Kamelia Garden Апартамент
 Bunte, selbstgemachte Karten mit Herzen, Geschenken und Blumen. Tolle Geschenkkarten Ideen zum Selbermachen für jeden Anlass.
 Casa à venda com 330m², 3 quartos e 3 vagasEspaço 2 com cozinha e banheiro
_ _ _ _ _
§ **Task statement**:
Retype the listing above, exactly and in full.

§ **Response to the exercise**:
Kamelia Garden Апартамент
 Bunte, selbstgemachte Karten mit Herzen, Geschenken und Blumen. Tolle Geschenkkarten Ideen zum Selbermachen für jeden Anlass.
 Casa à venda com 330m², 3 quartos e 3 vagasEspaço 2 com cozinha e banheiro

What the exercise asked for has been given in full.